Elon Musk’s lawyer is accusing a San Francisco federal jury of “mocking” the billionaire by including “$4.20” among the figures for recommended damages in a class-action suit that accused the tech titan of misleading Twitter investors.
In a Thursday letter to US District Judge Charles Breyer, defense attorney Alex Spiro argued the verdict was “corrupted” by bias and denied his client a fair trial.
Spiro is seeking a probe into the matter — to be followed by a motion seeking a ruling in favor of Musk or a new trial.
The laywer cited a handwritten verdict form in which jurors listed “$4.20” for one damages entry — written in bright blue ink while the rest of the entries were black.
Spiro said the unusual entry was no accident, calling it a deliberate jab at Musk tied to his well-known association with the number 420.
“The inescapable conclusion,” the attorney wrote, “is that the jury felt it appropriate to use its verdict to send a message to Mr. Musk.”
He accused jurors of injecting “outside influence and noise” into what should have been a neutral deliberation.
The number 420 is widely recognized as slang for marijuana and has been part of a running joke by Musk.
In 2018, he tweeted he was considering taking Tesla private at “$420” — a post that triggered an SEC fraud case — and later set his Twitter buyout price at $54.20 per share, reinforcing the association.
The jury found last week that Musk defrauded investors by intentionally driving down Twitter’s stock price before he acquired it in 2022, later renaming it X.
Spiro argued in his letter filed Thursday that the jury wasn’t actually “deciding a securities fraud case” but sending Musk a message.

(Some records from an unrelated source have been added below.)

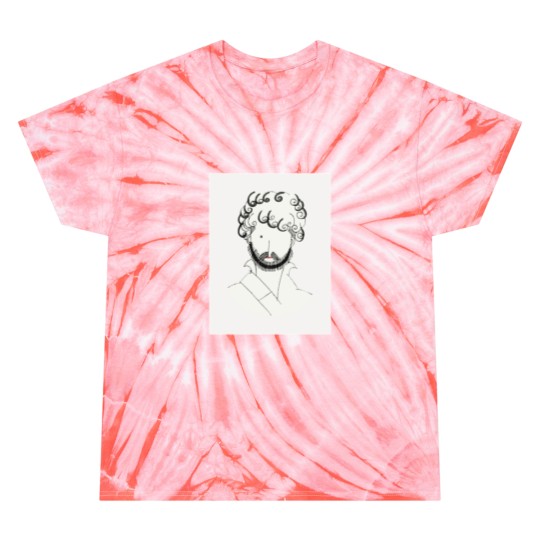 Discover Vintage Guy Line Drawing by Charles Martin Tie Dye T-Shirts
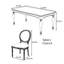 Ensemble de table antique en bois massif
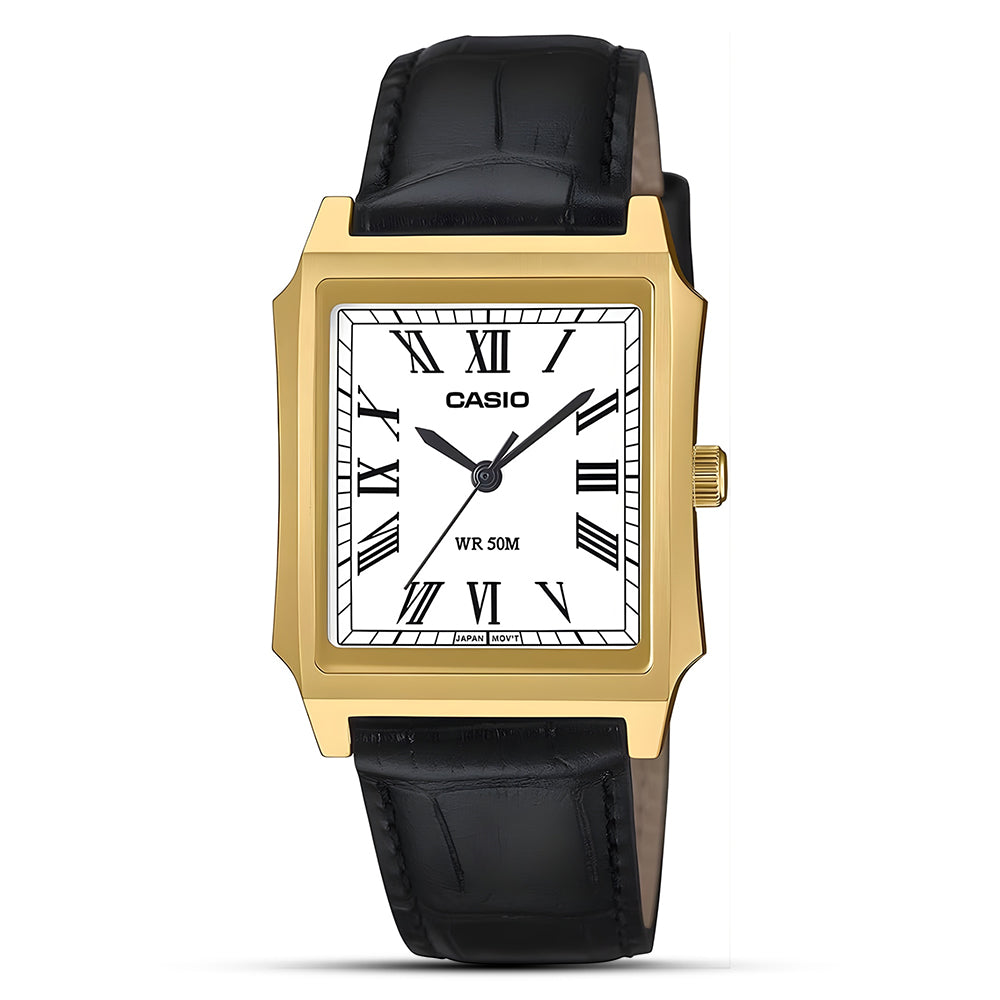 CASIO RECTANGLE WHITE DIAL MEN'S WATCH | MTP-B190GL-7BVDF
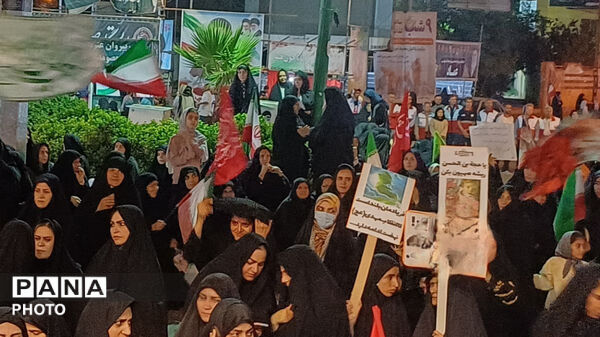 تداوم حضورحماسی مردم وفرهنگیان شهرستان کوهدشت در اجتماعات شبانه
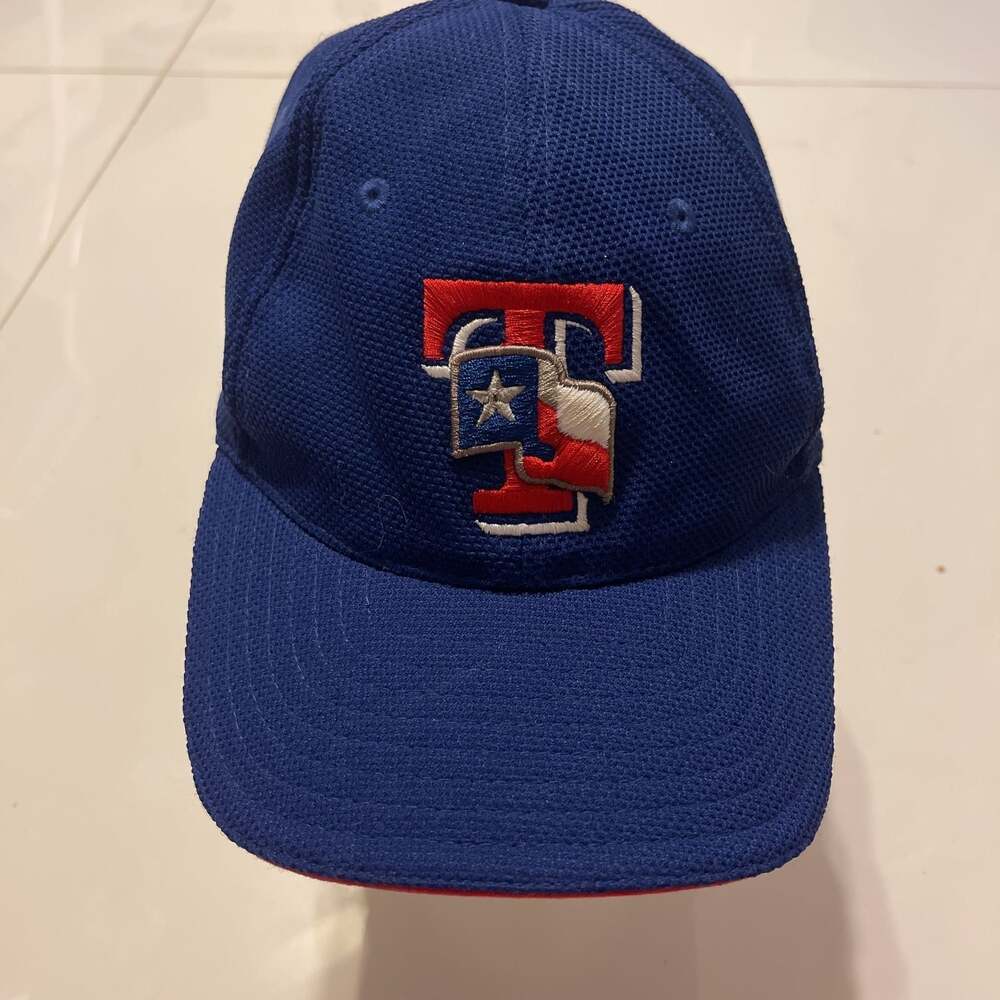 Texas Rangers MLB Baseball Cap Blue Fitted Hat Embroidered Logo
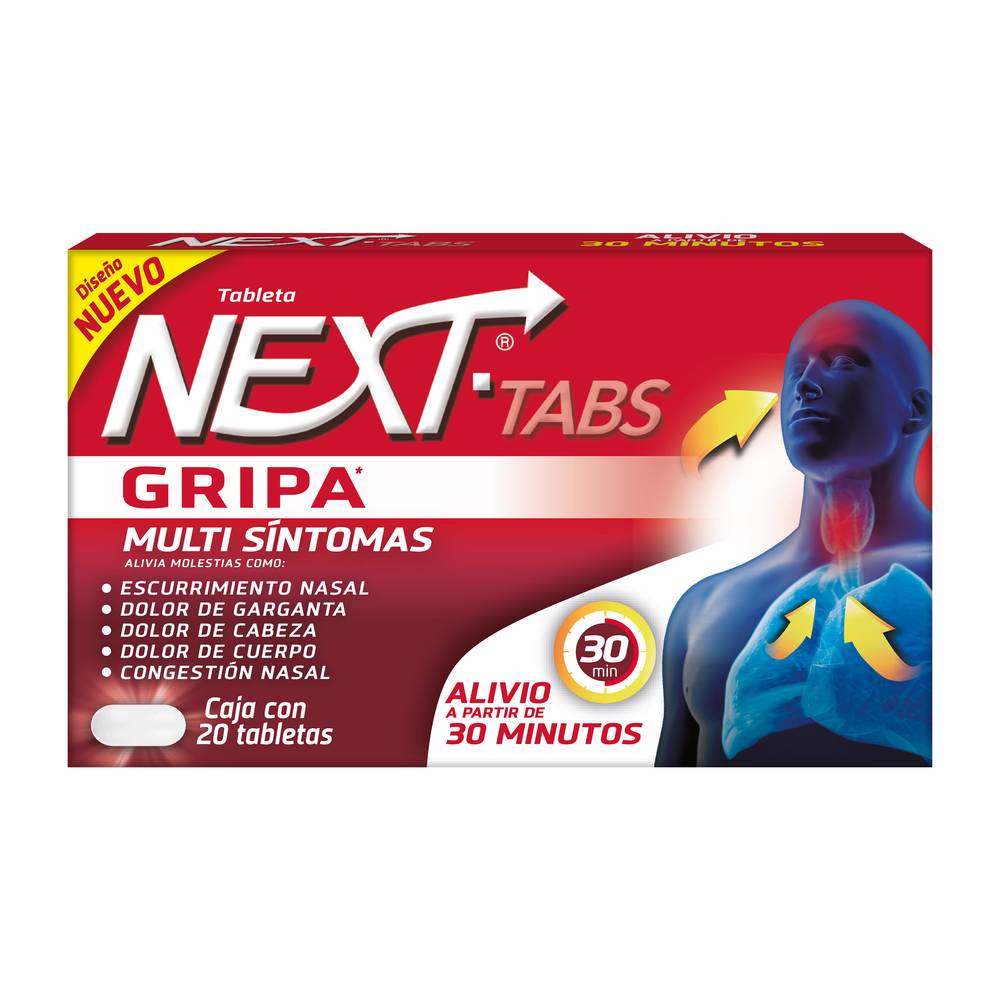 Next · Antigripal tabletas (30 un)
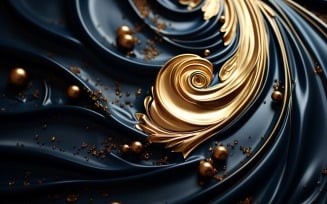 Golden Swirls, Particle Texture, Illustrations Background 13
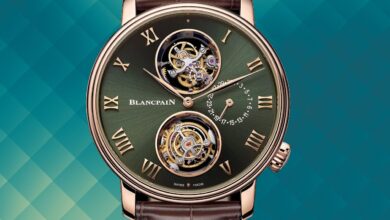 blancpain villeret green dial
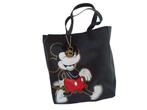 Grote Mickey Mouse shopping bag, ., Zwart, Ophalen of Verzenden, Zo goed als nieuw
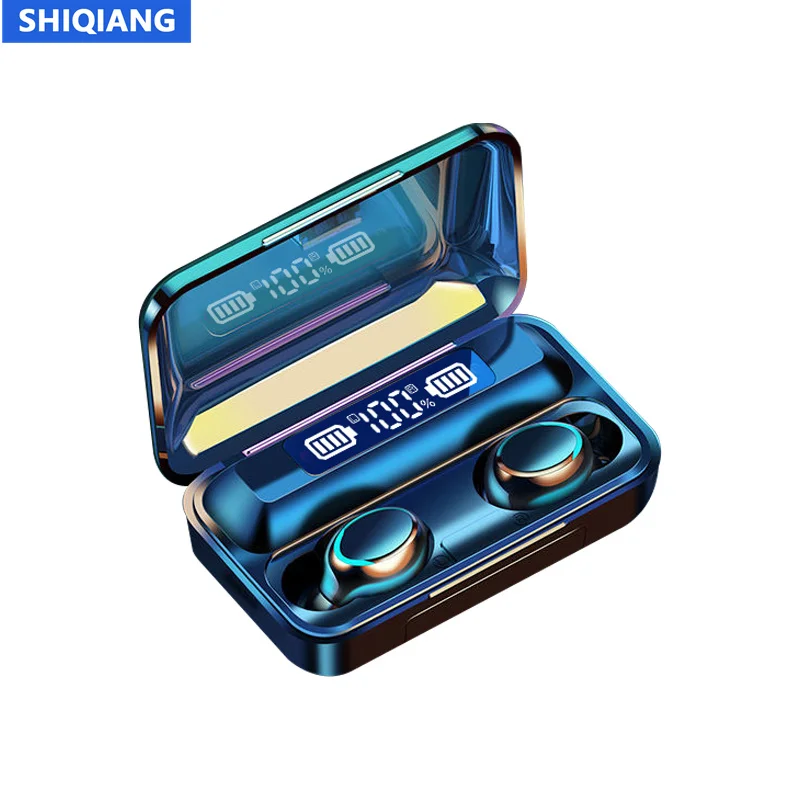 TWS Bluetooth 5.0 Earphones Charging Box Wireless Headphone Stereo Sports IPX7 Waterproof Earbuds Headsets With Microphone
TWS Bluetooth 5.0 Earphones Charging Box Wireless Headphone Stereo Sports IPX7 Waterproof Earbuds Headsets With Microphone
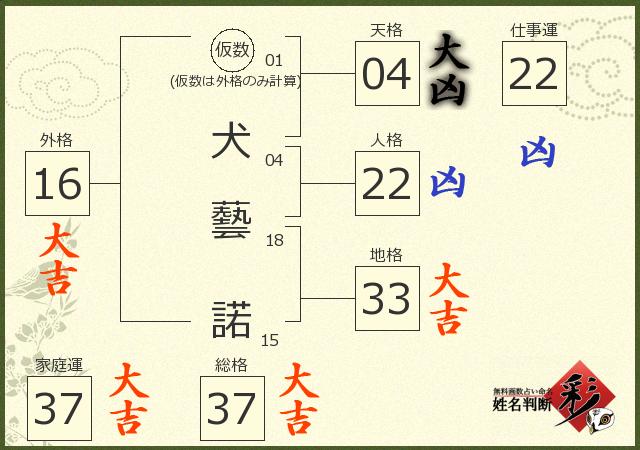 診断結果画像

“The jury’s emphasis on the $4.20 number, which had no significance to its damages determination, but appears to be a mocking reference to a number previously associated with Mr. Musk, shows that the verdict was a mockery of justice: a commentary not on whether Mr. Musk committed securities fraud (he did not) but on the jury’s views about Mr. Musk himself,” Spiro wrote.
“No reasonable and experienced person could have any faith in the fairness of this proceeding or its resulting verdict,” he concluded.
Plaintiffs in the high-stakes case had alleged Musk made public statements about the prevalence of spam accounts and the status of the Twitter deal that depressed the company’s stock price, harming traders who sold shares or related options during the period.
The jury found Musk liable for some of the fraud claims — but rejected the main allegation, that he conducted a deliberate “scheme” to manipulate Twitter’s stock price.
In his Thursday letter, Spiro claimed Musk was deprived of his chosen counsel after plaintiffs’ lawyers indicated they intended to call Spiro himself as a witness — a move that would create a conflict under the advocate-witness rule.
The lawyer, of Manhattan-based powerhouse firm Quinn Emanuel Urquhart & Sullivan, said he was forced to step back from a jury-facing role as a result. However, plaintiffs never called him to testify.
Spiro also took aim at the venue of the trial, arguing that seating an impartial jury in San Francisco was effectively impossible given widespread negative views of Musk there.
“I remained concerned that Mr. Musk would be unable to seat an impartial jury given his notoriety and reputation in the District,” Spiro wrote in the letter.
He pointed to comments from Judge Breyer during jury selection — including that “[m]aybe if I went in a different part of the country, I might get a different panel” — as evidence the jury pool was biased.
According to the filing, the court was forced to accept jurors with preexisting views because excluding all potentially biased candidates would have made it impractical to seat a panel.
Taken together, the arguments lay the groundwork for a formal motion seeking a new trial or mistrial — a move that could upend the verdict just days after it was reached.
In a notable aside, Spiro also referenced a separate legal battle in Delaware. He took a swipe at Chancellor Kathaleen McCormick, the jurist who twice denied Musk a substantial payday from Tesla shareholders.
Spiro noted that McCormick had publicly reacted to a verdict in yet another case by endorsing a LinkedIn post celebrating an outcome against Musk.
Musk recently demanded McCormick recuse herself from the Delaware case, a class action lawsuit against Tesla.
McCormick responded that the apparent endorsement may have been accidental — or something else entirely.
“I either did not click the ‘support’ icon at all, or I did so accidentally,” she wrote, adding: “I do not believe that I did it accidentally.”
The Post has sought comment from the plaintiffs’ attorney in the San Francisco suit.